**Problem requirements:**
Could you restate the data word for word and drop the pictures?

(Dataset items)
*** Block opens ***
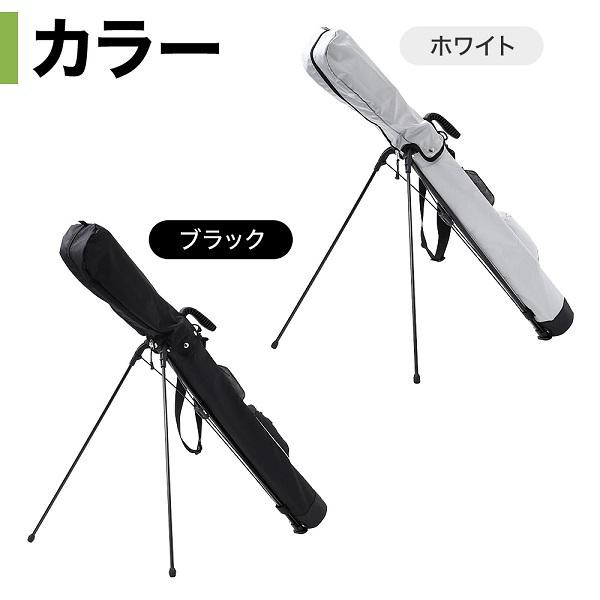ゴルフバッグ メンズ レディース 軽量 ゴルフキャディバッグ
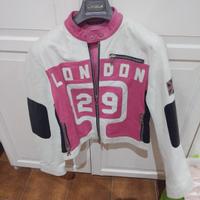 GIACCA  DONNA VERA PELLE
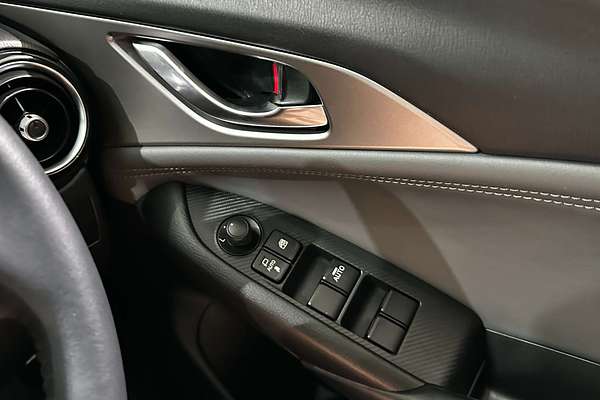 2020 Mazda CX-3 sTouring DK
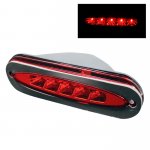 1996 Dodge Neon Red LED Third Brake Light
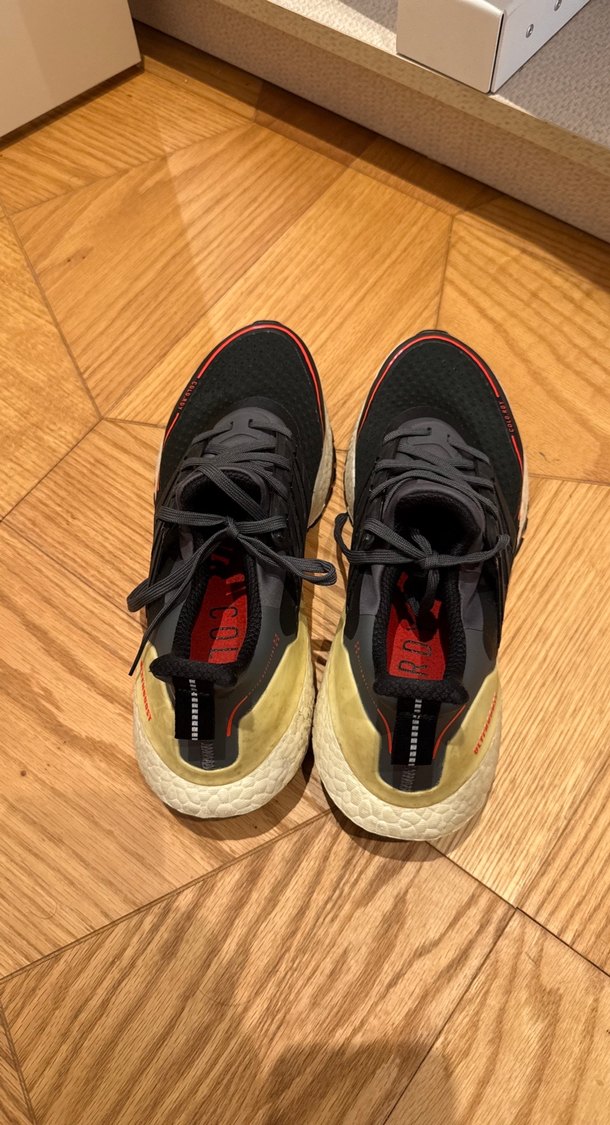 Adidas ultraboost goretex - Görsel 2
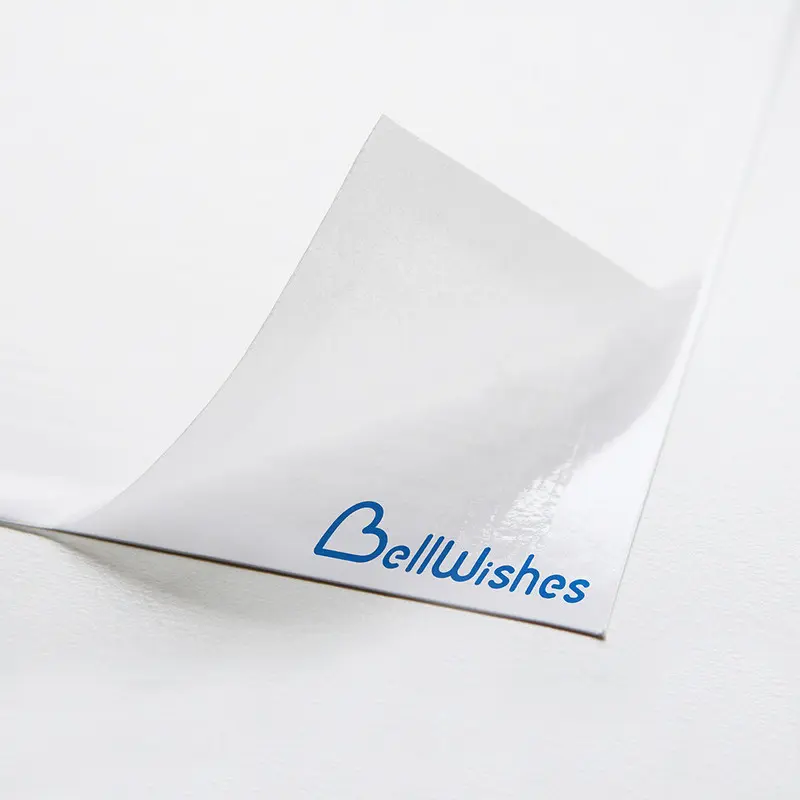 (贈品)BellWishes黏紙補充包(6張)  AC019-00001-F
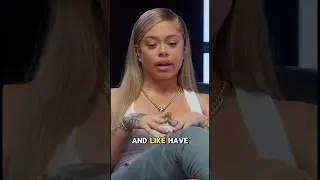 Latto WANTS to get MARRIED to 21 Savage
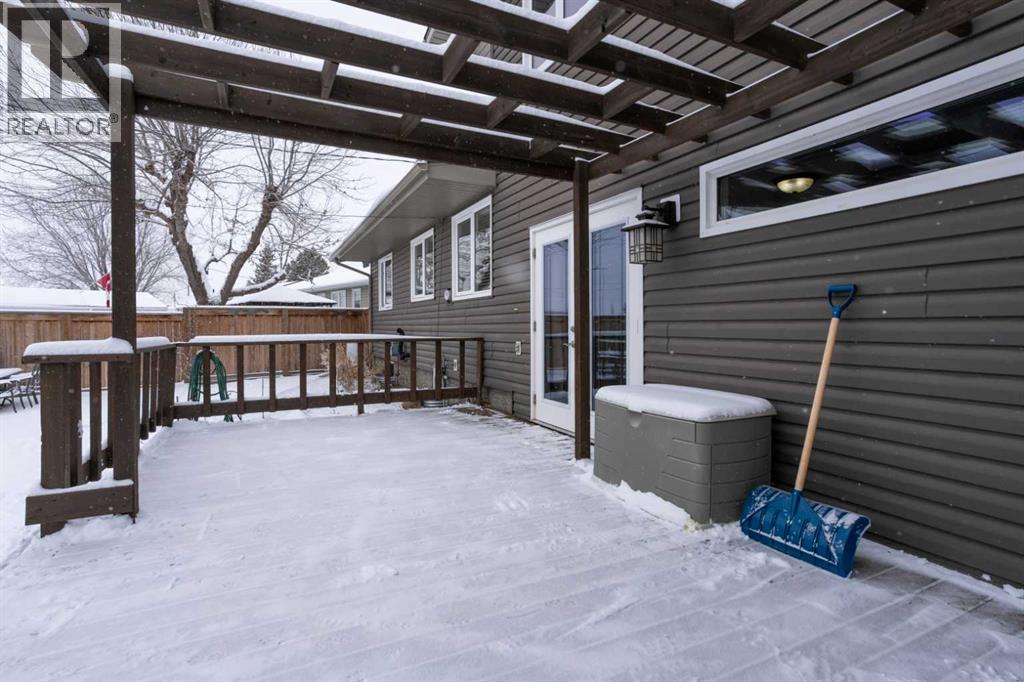 5410 47 Avenue W, Forestburg, Alberta  T0B 1N0 - Photo 34 - A2297400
*** Block closes ***
**Reply to the exercise:**
ゴルフバッグ メンズ レディース 軽量 ゴルフキャディバッグ
 GIACCA  DONNA VERA PELLE
 2020 Mazda CX-3 sTouring DK
 1996 Dodge Neon Red LED Third Brake Light
 Adidas ultraboost goretex - Görsel 2
 (贈品)BellWishes黏紙補充包(6張)  AC019-00001-F
 Latto WANTS to get MARRIED to 21 Savage
 5410 47 Avenue W, Forestburg, Alberta  T0B 1N0 - Photo 34 - A2297400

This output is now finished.